_ACTIVITY_
Only one stretch of the data should be retyped: the lines from the line containing "Blauwe duisternis abstracte" through the line containing "1900's Art Nouveau". Keep pictures out of it.

_GIVEN ENTRIES_
============================================================

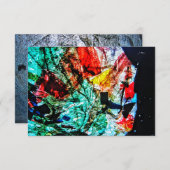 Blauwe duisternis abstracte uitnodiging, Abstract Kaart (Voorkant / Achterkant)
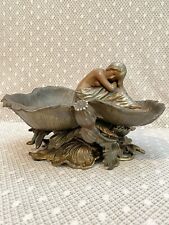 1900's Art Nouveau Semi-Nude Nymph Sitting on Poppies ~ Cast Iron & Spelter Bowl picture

============================================================

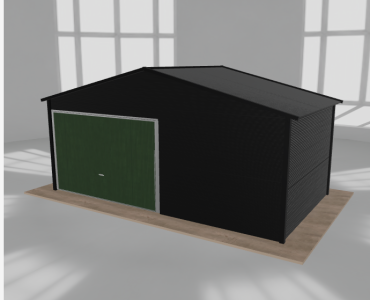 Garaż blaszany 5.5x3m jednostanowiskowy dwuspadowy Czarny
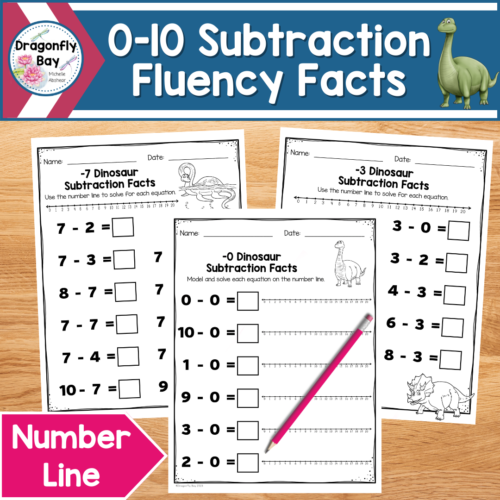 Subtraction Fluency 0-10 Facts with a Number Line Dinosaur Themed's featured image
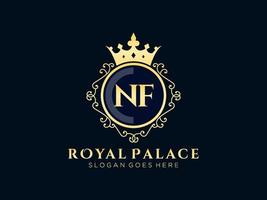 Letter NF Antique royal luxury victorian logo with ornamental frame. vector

============================================================

_WRITTEN ANSWER_
 Blauwe duisternis abstracte uitnodiging, Abstract Kaart (Voorkant / Achterkant)
 1900's Art Nouveau Semi-Nude Nymph Sitting on Poppies ~ Cast Iron & Spelter Bowl picture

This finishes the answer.